This graph is so manifestly absurd that I don't believe that it would actually fool any of my readers. Nevertheless, I will analyze it in some detail, to show why it's wrong. This is not only an exercise in poking fun at the WSJ, though there is certainly an element of that to it as well; the main point of the exercise will be illustrate some general principles with regard to curve fitting.
First off, I should note that displaying a curve in the same plot as a data set can serve two general (honest) purposes: It can either be a model that is independent of the data displayed and is provided for comparison or evaluation, or a model that is fitted to the data. Examples of the former include such things as theoretical computations of expected experimental results.
In academic writing, it is considered highly sloppy not to identify the origin of curves, but apparently newsies - or at least WSJ editorial newsies - do not feel particularly constrained by this custom.

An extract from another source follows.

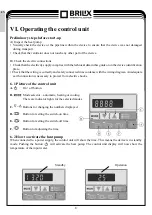 Предварительный просмотр 8 страницы Brilix THP 100 Installation And User Manual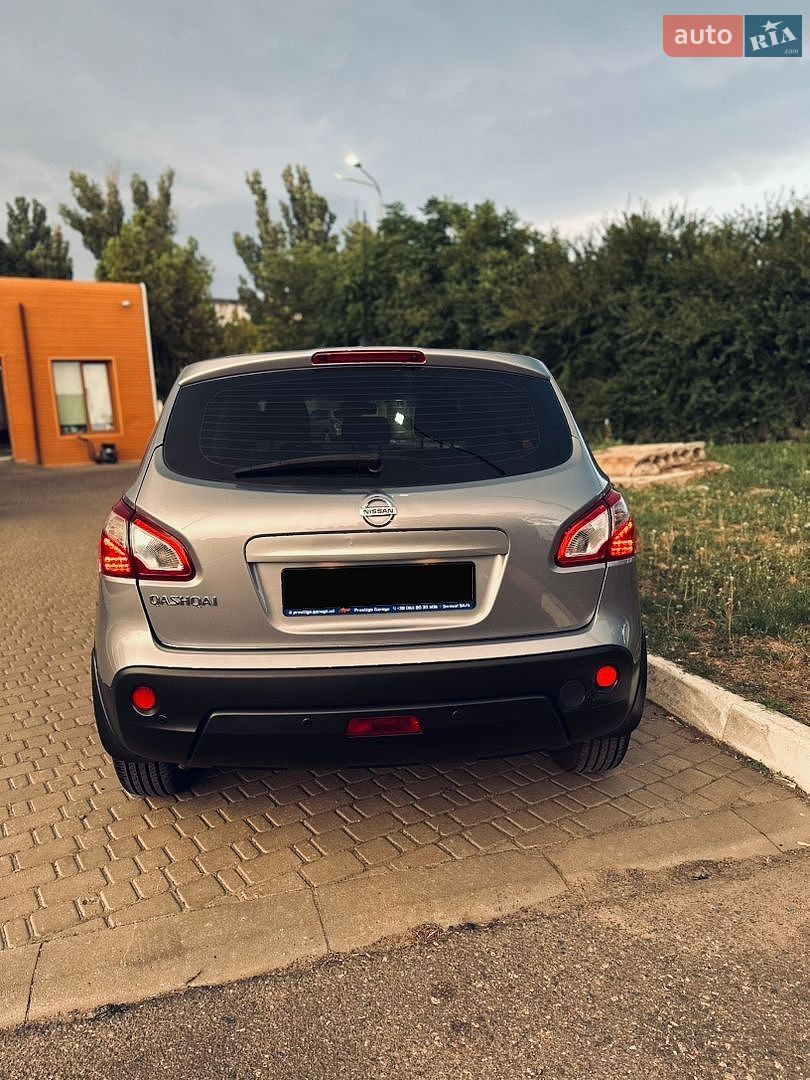 Nissan Qashqai 2012 VIN SJNFBNJ10U2571338 фото оголошення 9 з 29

When no indication of the curve's origin is given, it is usually assumed to be some kind of fit to the data at hand - which also seems to be the case here, judging from the fact that the data point for Norway is exactly on the curve.
But failure to correctly identify the nature and origin of curves is just sloppy - it does not nearly rise to the level of dishonesty that justifies using a graph as an example of dishonest treatment of data. No, what's wrong with this curve is that it gives the impression of being a fit to the data, while it is anything but! There are many and more ways to fit curves to data, but all of them have one thing in common: The resulting curve should be somewhere in the vicinity of the data that it is fitted against.
For most kinds of fitting the fit should be above roughly half of the data points and below the rest. Furthermore, the points that lie above or below the curve should be fairly uniformly distributed across the length of the sample (e.g. a curve is usually a bad fit if all the points in the left-hand side of the plot are below the curve and all the points in the right-hand side are above, even if half the points are below and half above in total). It should be noted that while some experiments are sufficiently precise to follow theory almost exactly, resulting in a great number of points that are precisely on the fitted line, this is rare even in physics and I have never seen any examples of this outside that field.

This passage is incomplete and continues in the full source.